Silas se sintió con energías renovadas al bajarse del Audi negro. La brisa nocturna le agitaba el hábito. «Los vientos del cambio están en el aire». Sabía que la tarea que tenía encomendada requería más maña que fuerza, y se dejó la pistola en el coche. Era El Maestro quien le había proporcionado aquella Heckler and Koch USP 40, con cargador de trece tiros.

«No hay sitio para el arma de la muerte en la casa de Dios».

La plaza que había frente a la iglesia estaba desierta a esa hora, y las únicas almas que pululaban por su extremo más alejado eran dos prostitutas adolescentes que mostraban su mercancía a los turistas noctámbulos. Sus cuerpos núbiles despertaron el recuerdo del deseo en las ingles de Silas. Dobló un poco las piernas, instintivamente, y el cilicio se le clavó en la carne y le causó dolor. Las ganas se desvanecieron al instante. Desde hacía ya diez años, Silas se había abstenido devotamente de toda satisfacción sexual, incluso de la que hubiera podido proporcionarse a sí mismo. Así estaba prescrito en Camino. Sabía que había sacrificado mucho para seguir al Opus Dei, pero había recibido mucho más a cambio. Un voto de celibato y de renuncia a todos los bienes personales no representaba apenas sacrificio alguno. Teniendo en cuenta la pobreza en la que había nacido y los horrores sexuales que había soportado en la cárcel, el celibato había sido un cambio favorable.

Ahora, en su primera visita a Francia desde su detención y traslado a Andorra, Silas notaba que su patria lo estaba poniendo a prueba, haciendo que a su alma redimida afloraran violentos recuerdos. «Tú has vuelto a nacer», se recordaba a sí mismo. El servicio a Dios que había hecho aquel día había requerido del pecado del asesinato, un sacrificio que sabía que tendría que llevar secretamente en su corazón toda la eternidad.
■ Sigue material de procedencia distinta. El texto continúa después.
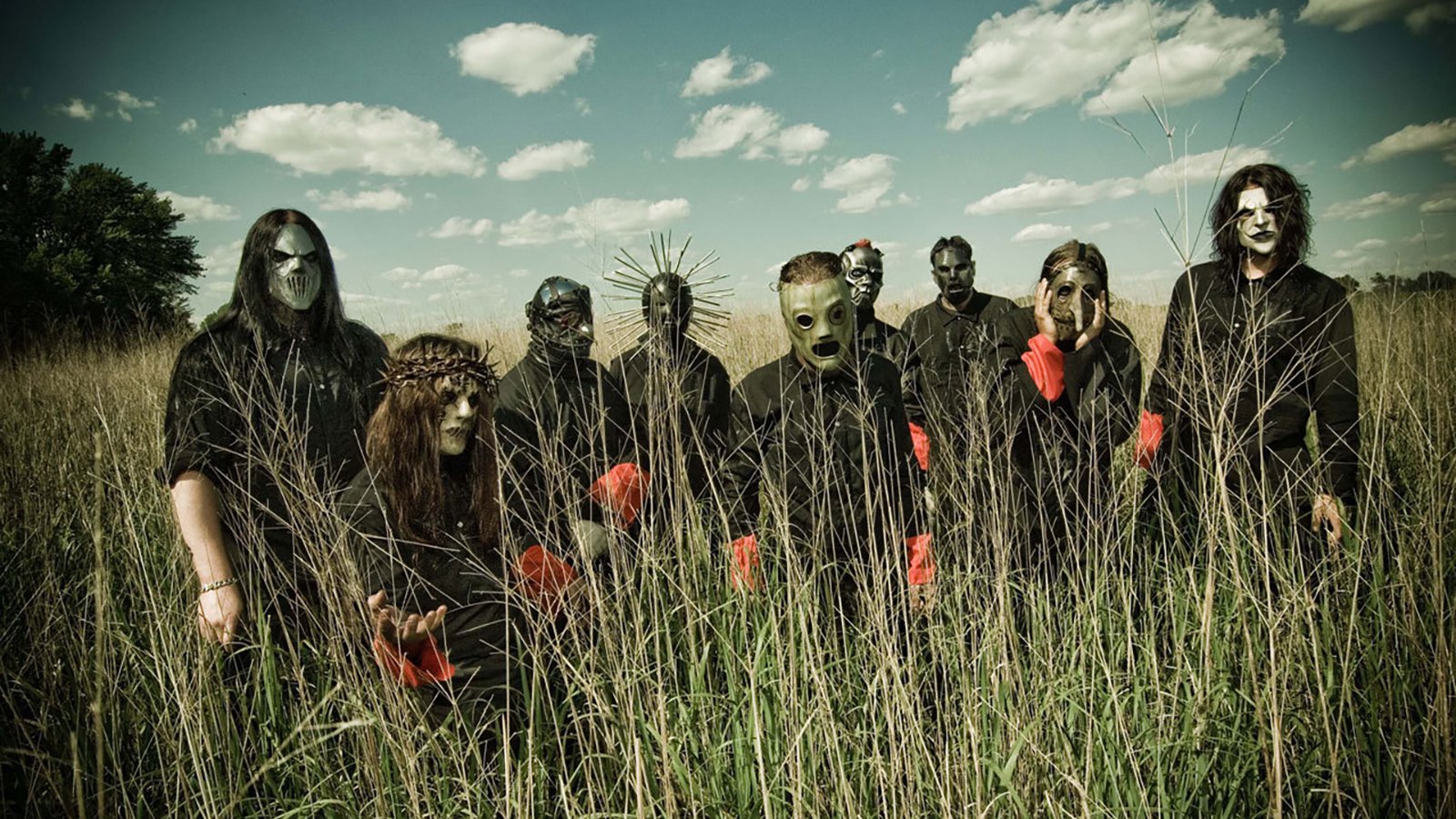 Apparently SLIPKNOT’s Look Outside Your Window Is In The Hands Of Management, Is Coming Out [Video]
«La medida de tu fe es la medida del dolor que seas capaz de soportar», le había dicho El Maestro. A Silas el dolor no le era desconocido, y estaba ansioso por demostrar su fidelidad a quien le había asegurado que sus acciones venían ordenadas por un poder superior.

—Hago la obra de Dios —dijo Silas en voz baja mientras se acercaba a la entrada de la iglesia.

Deteniéndose en la penumbra de la enorme puerta, aspiró hondo. Hasta ese momento no fue plenamente consciente de lo que estaba a punto de hacer, ni de lo que le aguardaba dentro.

—La clave. Ella nos conducirá a nuestra meta final.

Alzó su puño blanco, fantasmagórico, y golpeó con él tres veces el portón.

Instantes después, los cerrojos de aquella enorme entrada empezaron a girar.